# Remove Hood Strut



## villarroelfamily (Apr 28, 2009)

seems my hood strut failed. has you can see from the first pic, i am using a garden tool.
mkiv jetta vr6 glx 2.8l
anyways, i have the part number for the strut already, thanks partlinks24.com. 1j0-823-359-d
$35.20 from 1st VW parts. but i dont see how i can remove the strut from the car frame. please see pictures. i see the nut that needs to be removed which is attached to the hood, but i dont see a place or nut to remove from the bottom.
any ideas? i dont think i have to remove the plate that is welded right?
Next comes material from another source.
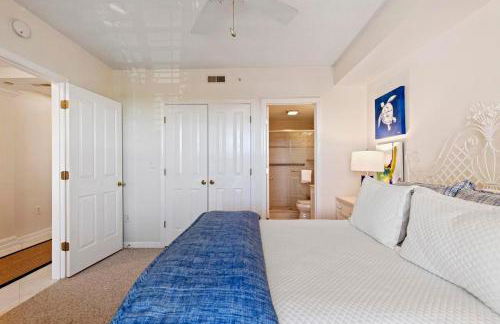 Captain's Quarters Upscale 3 Bedroom Condo - Foto 23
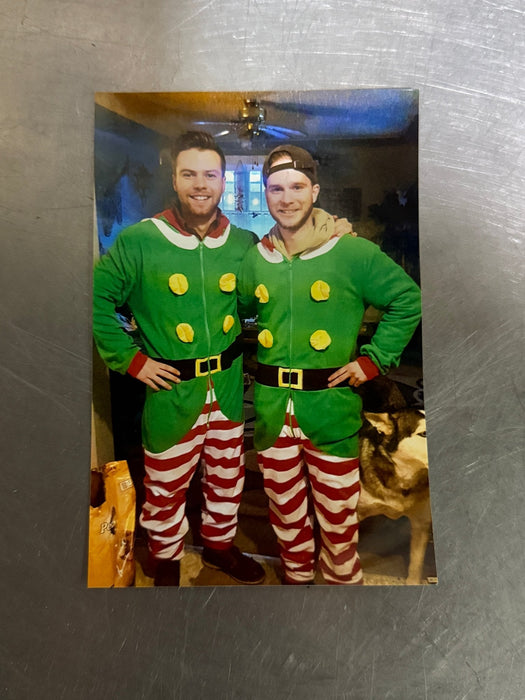 The picture of us 2 is For Sale!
_Modified by villarroelfamily at 2:56 PM 10-28-2009_

_Modified by villarroelfamily at 2:57 PM 10-28-2009_


_Modified by villarroelfamily at 3:02 PM 10-28-2009_


----------



## jetta the hut (Aug 6, 2006)

*Re: Remove Hood Strut (villarroelfamily)*

there is a metal band that goes around the ends that is about a 1/4 of an inch wide. if you take a flat head screw driver and pry it off the strut should come off.


----------



## villarroelfamily (Apr 28, 2009)

*Re: Remove Hood Strut (jetta the hut)*

you mean this band?


----------



## where_2 (Jul 21, 2003)

*Re: Remove Hood Strut (villarroelfamily)*

Yes, that band... Wear eye protection! IIRC, they fly pretty good when you get them off...


----------



## CStockRun (Mar 25, 2005)

*Re: Remove Hood Strut (where_2)*

You don't even have to take it totally off...just lift it a little and pull the strut away..saves your eyes!


----------